Furthermore, the moderation analysis indicates that social media burnout augments the adverse impact of social media dependence on sleep disturbance, thereby corroborating Hypothesis 3 (H3). This suggests that heightened burnout amplifies susceptibility to sleep difficulties, possibly by depleting emotional resources and amplifying psychological strain ( Jiang, 2021 ; Evers et al., 2020 ). Additionally, the indirect effect of dependence on sleep disorder-transmitted through addiction-is likewise dependent on burnout levels (H4), signifying that individuals experiencing pronounced burnout are especially prone to the deleterious ramifications of social media dependence and addiction ( Charoensukmongkol, 2016 ; Yamini and Pujar, 2022 ). Consequently, the integration of mediation and moderation perspectives illuminates the multifaceted processes through which contemporary digital consumption patterns engender negative outcomes for sleep health.

Conclusions

The findings of this research demonstrate that social media dependence exerts a substantial influence on sleep disturbance, whilst also underscoring social media addiction as a pivotal intermediary in this association. In accordance with prior research, individuals who exhibit heightened reliance upon digital platforms are more inclined to experience compromised sleep quality ( Azizi et al., 2019 ; Lin et al., 2021 ). Moreover, the mediation analysis confirmed that social media addiction fully mediates the effect of social media dependence on sleep disorder, suggesting that it is the addictive aspects of users’ engagement, rather than mere dependence that engender adverse outcomes ( Bilgin and Taş, 2018 ; Luo and Hu, 2022 ; Pawar and Shah, 2019 ; Rasheed and Saba, 2023 ). These results emphasise the fundamental role of addiction-related behaviours in exacerbating sleep disruptions, thus highlighting the significance of preventative strategies to curtail compulsive social media usage ( Khatimah and Ryan, 2023 ; Rustamov et al., 2023 ). Additionally, social media burnout emerged as a crucial moderator in this nexus. The moderation analysis illustrated that individuals exhibiting pronounced burnout are particularly susceptible to the detrimental impact of social media dependence on sleep, conceivably owing to the intensifying depletion of emotional resources ( Evers et al., 2020 ; Jiang, 2021 ). This moderating influence also extends to the indirect pathway wherein dependence engenders sleep disturbance through addiction, indicating that elevated burnout magnifies the negative repercussions of problematic media consumption ( Charoen- sukmongkol, 2016 ; Yamini and Pujar, 2022 ). Taken as a whole, these insights shed light on the complex interplay between social media dependence, addiction, and burnout, thus offering a nuanced framework for understanding how contemporary digital usage patterns compromise sleep health.

Funding

This research did not receive any specific grant from funding agencies in the public, commercial, or not-for-profit sectors.

Conflict of interests

The authors declare no conflict of interest.

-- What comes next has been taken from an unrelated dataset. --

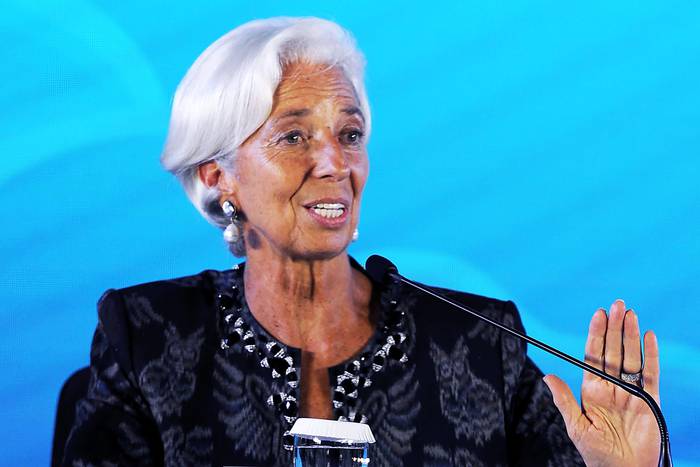 Christine Lagarde. (archivo, octubre de 2018) · Foto: Sonny Tumbelaka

Data availability statement

The original contributions presented in the study are included in the article/supplementary material, further inquiries can be directed to the corresponding author.

Institutional Review Board Statement

This study was conducted in strict accordance with the ethical standards for research involving human participants and aligned with the principles of the Declaration of Helsinki. The research protocol, titled *Digital Dependency and Sleep Deprivation: The Dual Roles of Addiction and Burnout in Modern Media Consumption*, authored by Li-Wei Wei (PhD), was reviewed and approved by the Human Research Ethics Committee (HREC) of Dhurakij Pundit University (Approval Code: DPUHREC011/67EX, Date of Approval: February 10th, 2025), with the outcome of minor modifications required. Prior to participation, all participants provided informed consent after being fully informed about the study’s purpose, procedures, potential risks and benefits, and their right to withdraw at any time without penalty. All ethical principles were upheld throughout the study, including the protection of participants’ confidentiality, voluntary engagement, and secure handling of data in compliance with applicable institutional and legal guidelines.